Faz sentido, neste tempo em que o pensamento económico dominante é de cariz liberal, pedir o reforço da ingerência do Estado no Douro e no vinho do Porto?

Eu acho que sim. Uma parte da responsabilidade é dos próprios durienses. Os agricultores, pequenos, médios ou grandes, os sócios das cooperativas ou da Casa do Douro, há aqui uma massa humana que poderia e deveria estar mais empenhada, mais activa, mais consciente dos seus direitos e dos seus deveres. Uma parte da deficiência vem daí. O Douro, as suas pessoas, os seus lavradores, as suas instituições não têm sido suficientemente protagonistas dos seus próprios interesses. E muitas vezes, quando se queixam, dizem ao Estado que faça…

Estão habituados…

Estão habituados há mais de 200 anos ou 300. Quanto ao Estado, eu tendencialmente sou liberal mas não sou nada dessas coisas que andam por aí agora a ferir a nossa economia e a nossa sociedade. O Estado tem obviamente de olhar para o sector, não pode de um momento para outro desaparecer. Uma região demarcada exige regulação, exige disciplina.

Ora o Estado, as autoridades centrais, desinteressaram-se muito do Douro. As câmaras desinteressaram-se e há uma espécie de jogo de empurra: o Estado queixa-se das câmaras das cooperativas e dos lavradores; os lavradores queixam-se das cooperativas e do estado. Há uma espécie de culpa circular. Mas há circunstâncias boas: umas dezenas de médias empresas, sobretudo nos vinhos do DOC, e também de vinho do Porto, criaram o novo Douro, com pouca ajuda do estado directamente.

O PDRITM [um programa financiado pelo Banco Mundial nos anos de 1980] e os programas europeus foram muito importantes. Metade do vinhedo do Douro foi transformado desde o PDRITM, nos anos 80, com o apoio da UTAD, com a CCDR (Comissão de Coordenação e Desenvolvimento Regional do Norte), com a Universidade do Porto, num processo que teve sucesso.

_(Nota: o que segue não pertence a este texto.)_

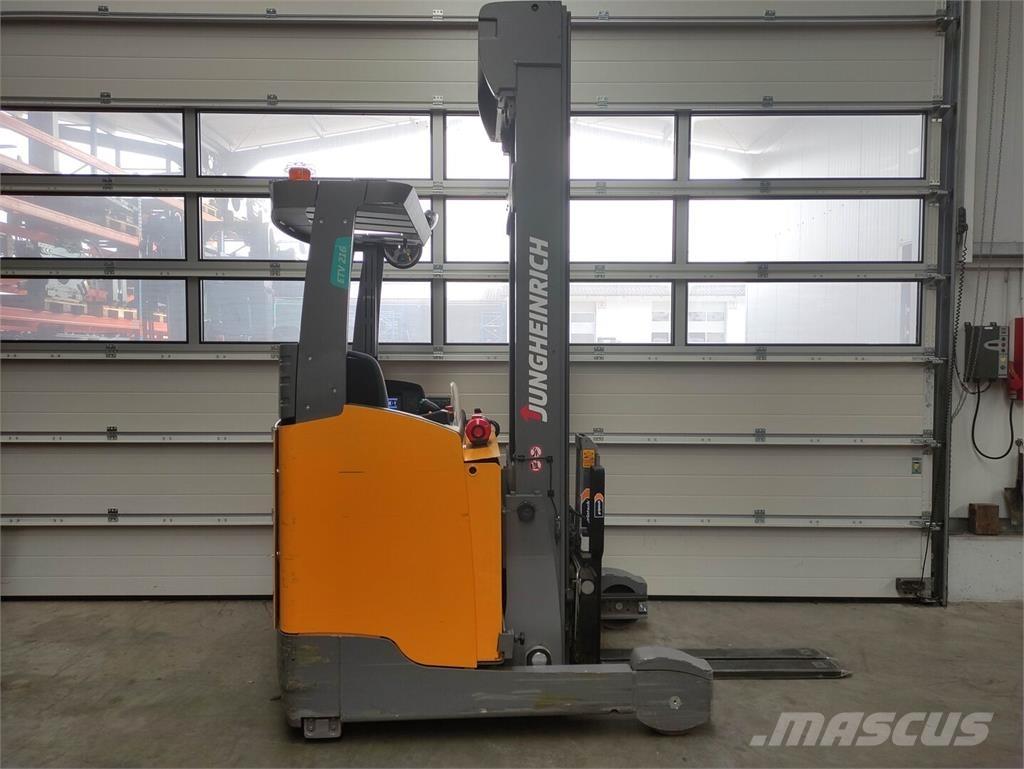 Jungheinrich ETV 216 Reachtruck voor hoog niveau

Hoje, os grandes grupos, que são cinco ou seis, controlam hoje algo como 85% do comércio do vinho do Porto. Nunca houve na história uma concentração tão elevada. Eu sei que são empresas boas, que merecem confiança, que fazem óptimos vinhos, simplesmente eu não acho saudável que haja um grau de concentração elevada.

Enquanto do outro lado a fragmentação é enorme. Só há mil agricultores com mais de cinco hectares...

Há muitos que não são produtores. Têm uns jardins que fazem umas uvas. Têm de se tratados como pessoas que mantêm o equilíbrio social e ecológico. São fundamentais para o equilíbrio da região, mas não podem ser tratados como alguém que produz cinco 10 20 pipas, que é um pequeno produtor mas que já tem uma escola.

Sabemos hoje que alguns dos grupos do vinho do Porto têm mais de 2500 fornecedores. Simplesmente isto mostra que há uma fortíssima organização no comércio e uma muito reduzida capacidade de organização social da região, o que faz com que esteja a perder rendimentos, força, esteja a perder a própria palavra. Ninguém sabe o que pensam hoje os lavradores do Douro como tal. Há aqui um desequilíbrio sério, que pode ser grave um dia e ao qual convinha pôr cobro.